Market For Long Haul Flights Shaken Up By Low-Cost Airlines

Established flag carriers have been forced to set up budget subsidiaries or lower fares and a club of major airlines meeting in Mexico this week were shaken by low-cost, long-haul air travel which has taken off across the Atlantic.

According to data from air travel intelligence company OAG, budget carriers are trying to grab a slice of that business by boosting capacity on them by 68 percent this summer and the transatlantic routes are among the industry’s most popular and profitable.

From lightweight new planes with fresh, appealing interiors that help to keep costs down, a looming fare war has gained fresh momentum.

With fares as low as $69 and $55 this summer, Norwegian Air Shuttle and Icelandic rival Wow have grabbed headlines.

They were confident their plans to offer low-cost long-haul flights would succeed, said executives at the International Air Transport Association meeting in Cancun, Mexico, in interviews as the legacy carriers are not idly standing by.

“Disrupters such as Norwegian Air Shuttle and AirAsia X have shaken up the airline market and forced scheduled operators to rethink their transatlantic strategies,” Euromonitor travel project manager Nadejda Popova said.

While Air France is planning to launch a lower-cost long haul brand this fall in a project dubbed Boost, Lufthansa’s Eurowings budget carrier is in its second year of long-haul flying.

“It confirms our decision that others are following,” Lufthansa Chief Executive Carsten Spohr said, adding that the German carrier would not have invested in Eurowings without the potential for profit.

With surprisingly strong ticket sales, low-cost long-haul brand Level was launched on Thursday by the International Airlines Group, the holding company for British Airways, Iberia, Aer Lingus and Vueling.

Level would fly five planes next summer and expand to other European cities, said IAG CEO Willie Walsh at the launch.

Moving to 10 abreast in economy, British Airways is putting more seats on its 777 planes.

“BA’s seat cost will be lower than Norwegian’s by this time next year,” Malaysia Airlines CEO Peter Bellew predicted.

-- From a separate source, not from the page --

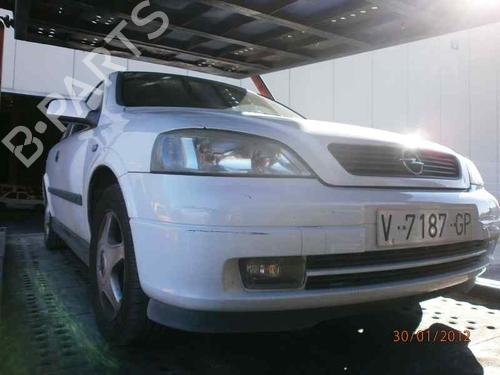 ECU airbags OPEL ASTRA G Hatchback (T98) 1.6 16V (F08, F48) | BP3738349M53 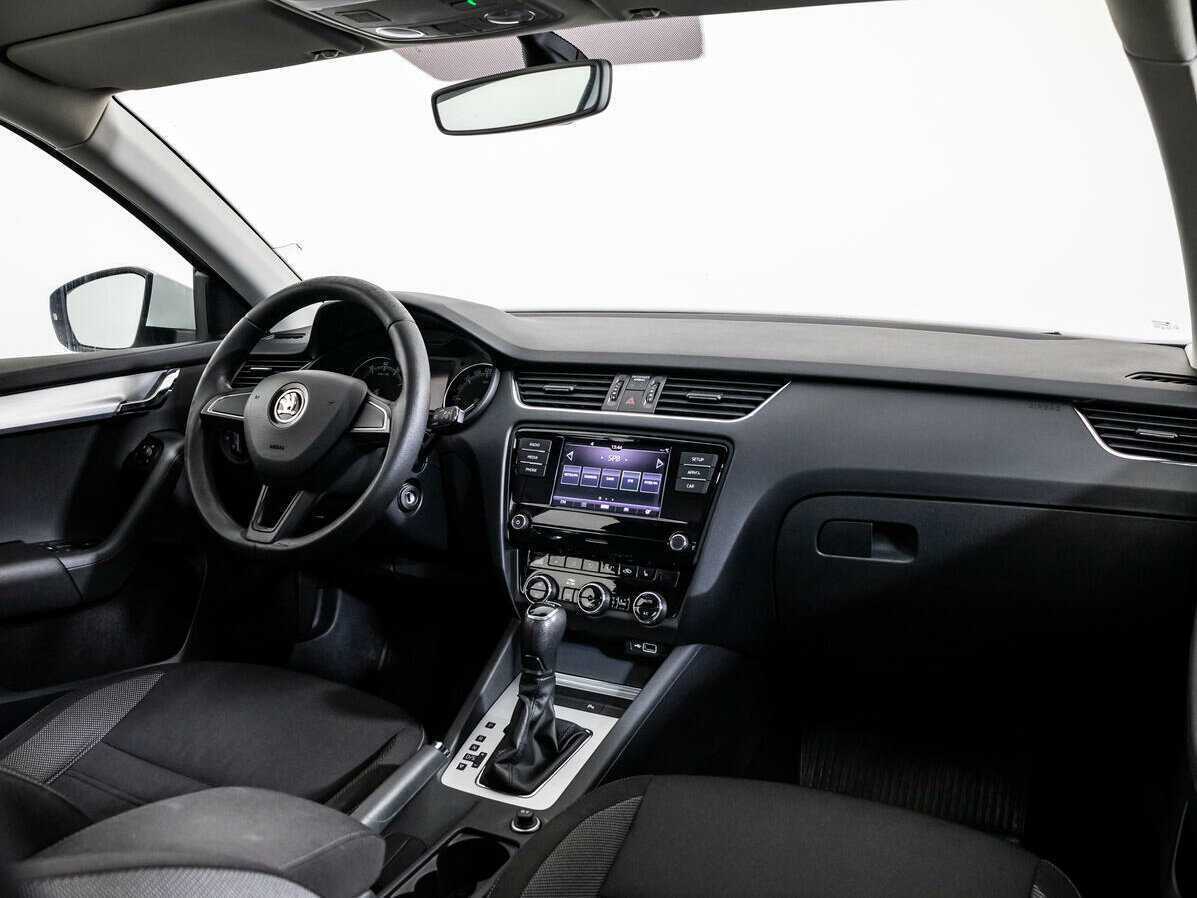Skoda Octavia, 2019 Фото №7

new, no-frills fare classes that let passengers pay for extras while booking online have been introduced by U.S. carriers which were stung by previous efforts to set up low-cost units in the 1990s.

Equating to a 5 percent market share, up from 3 percent last year is the 68 percent increase in low-cost transatlantic capacity.

He doubted whether low-cost long-haul can be profitable, especially on some less popular destinations, said aviation consultant John Strickland.

Because he said he could not get planes at the right price, even Michael O’Leary, CEO of the highly profitable European low-cost carrier Ryanair, has held back, he pointed out.

“On the North Atlantic you have volume markets where it can work. Asia can work, but the extent to which the model can be delivered at levels of sustainable profitability is far from clear,” Strickland said.

Unless they also offer an attractive business travel service, low-cost carriers would have a hard time on transatlantic routes said Air France-KLM CEO Jean-Marc Janaillac.

“It’s not just about the seats. It’s whether you have the right frequencies, the air miles, the connections with other destinations,” Janaillac said.